Hey there,
('there' as in anyone who reads this blog...there may be someone somewhere who does ... ?)
So basically the past few weeks have not been the best in regards to my relationship with my boyfriend...
I guess it's because we have not seen each other much since the school holidays started and the only contact we've really had has been through facebook (which is always good ... *sarcasm*).
And I guess I'm just starting to feel a bit neglected - like I'm not really worth the effort.
He knows that I have been looking after my sister on weekdays and that I've also been working, but on the days when I'm avaibable it's just like ... well, like there's no point in trying to catch up.
He says that he wants to spend time with me, so he asked me to make sure I had this Sunday free. I wrote on the calender that I would be spending some of the day with him (once it's on the calender it's official in my household). But then he started trying to get me to organise it - like picking the place, times, etc, etc. I said that because he has asked me to go with him it was his job to organise all that.
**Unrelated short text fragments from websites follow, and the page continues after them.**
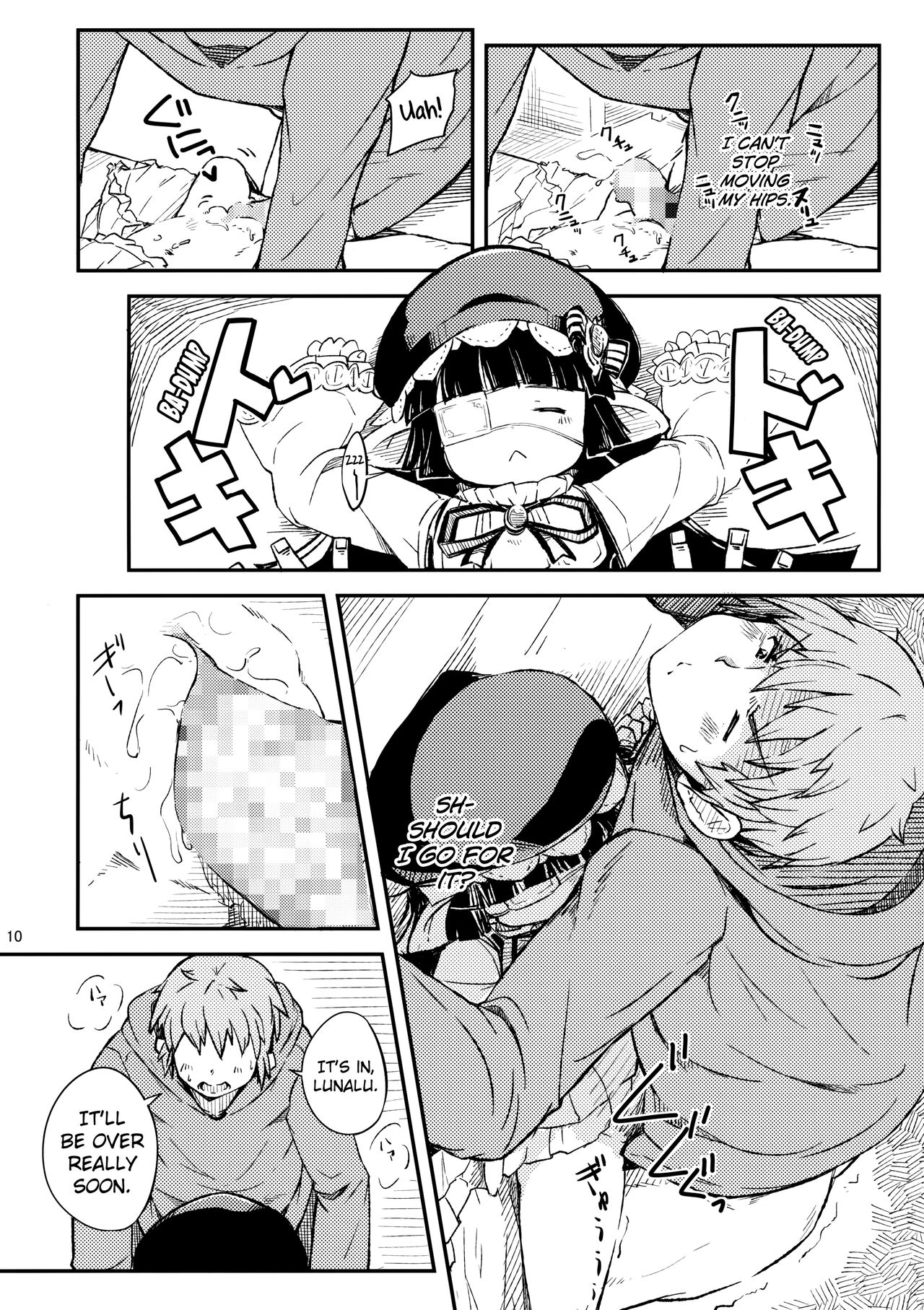 (ファータグランデ騎空祭2) [ももかん (ももいぬ)] Sleeping Harvin (グランブルーファンタジー) [英訳]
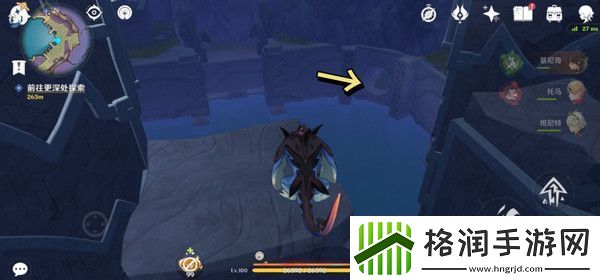 原神为我敞开心扉任务攻略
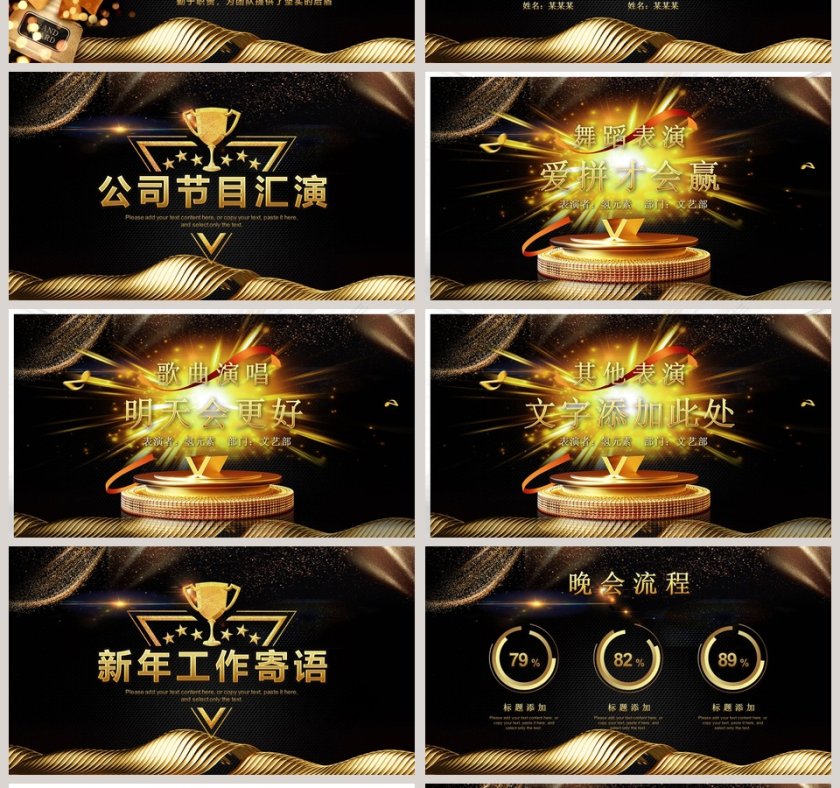 颁奖盛典公司颁奖典礼PPT第4张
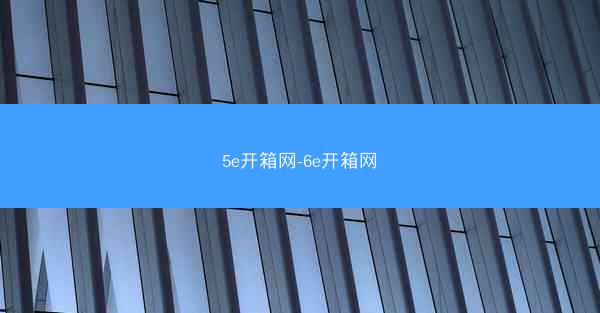 5e开箱网-6e开箱网
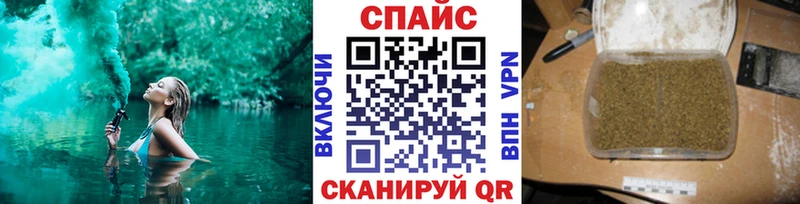 купить  сайты  Вуктыл  БУТИРАТ Butirat 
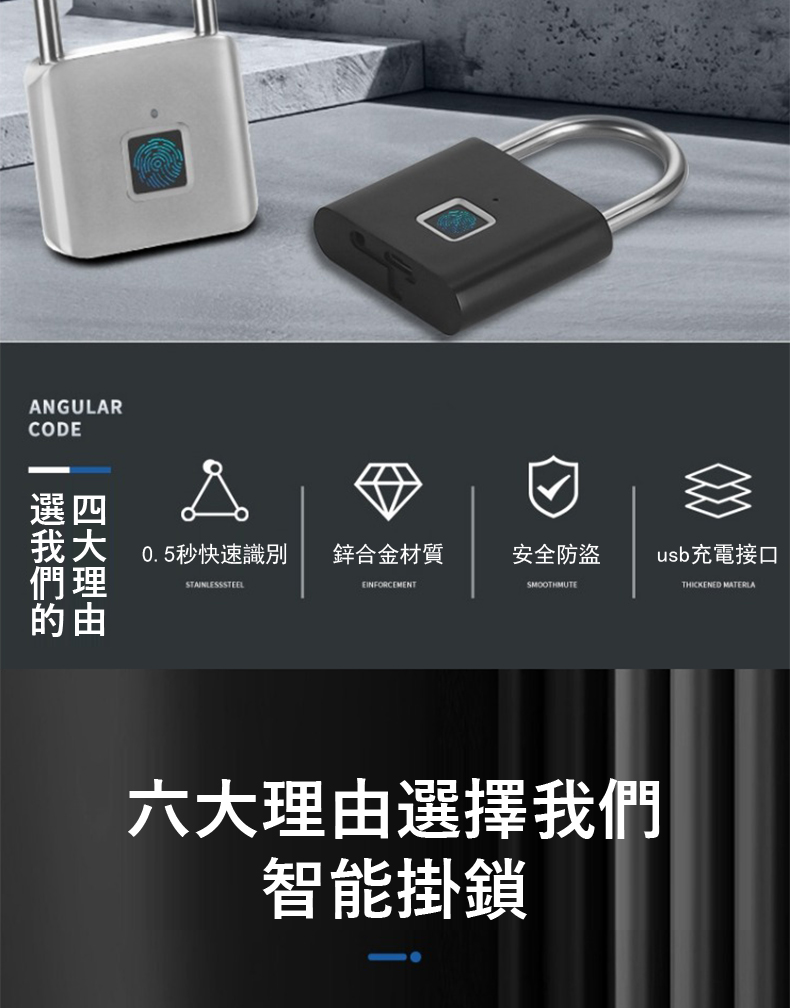 Kyhome 智能防盜指紋密碼鎖 抽屜電子鎖 防盜鎖 行李箱 Kyhome 智能防盜指紋密碼鎖 抽屜電子鎖 防盜鎖 行李箱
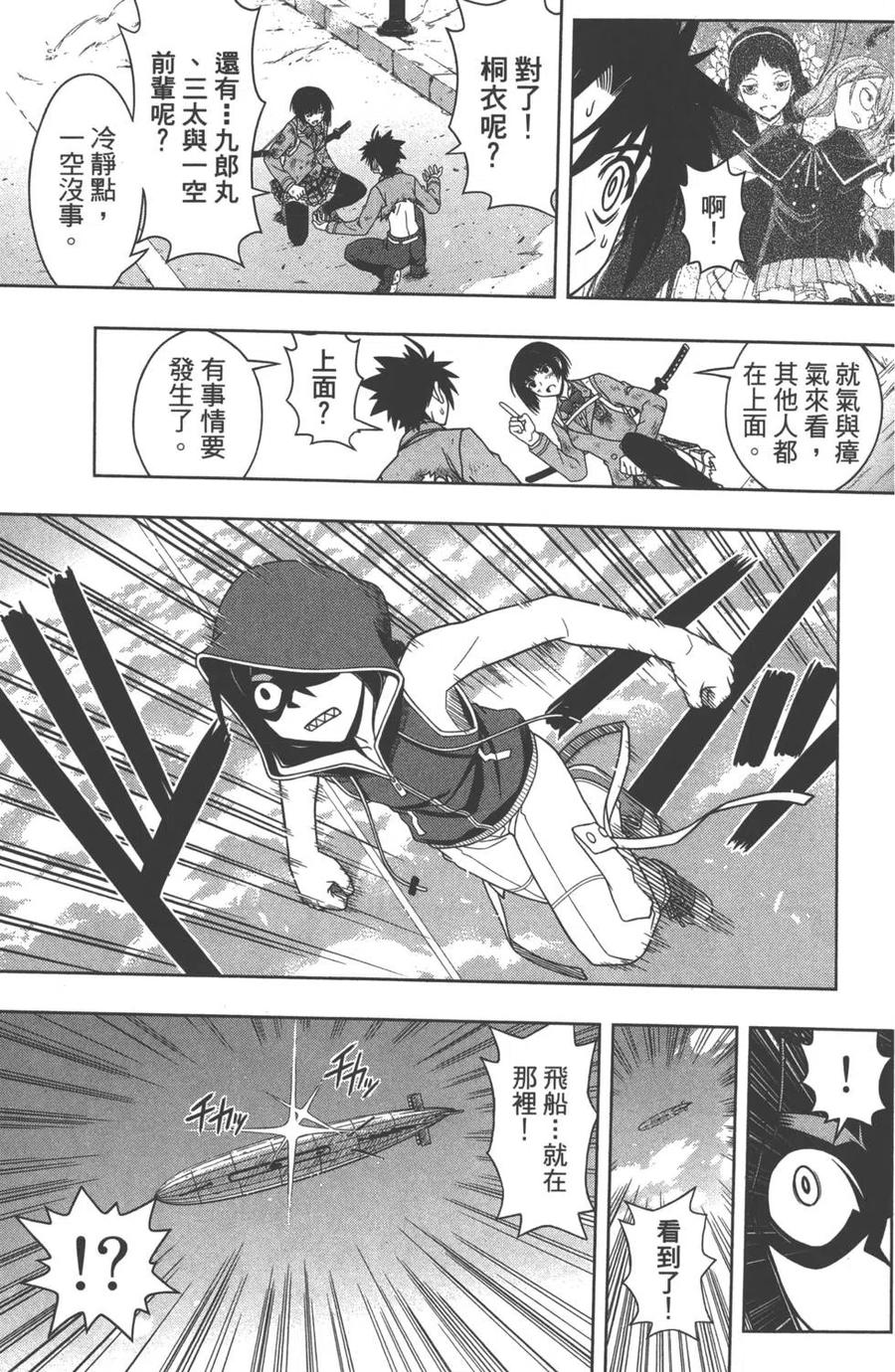 第 102 页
I haven't heard anything on the matter from him since.
Also, it seems like everytime we go out to do something together he makes me organise all the details.
I don't know if all guys are like this, but for girls sometimes it's nice if the guy actually puts in the effort to arrange it all.
I know that my boyfriend doesn't have a casual job at the moment, but there are heaps of things you can do without money.
Sometimes it seems like he will put in more effort to go and do things with his friends than me, which is ok I guess ... but things are just feeling a bit one-sided...
I know this whole situation really isn't that bad - I'm not being physically abused, or threatened, or anything like that.
But would it really be that hard just to put in a little bit of effort?!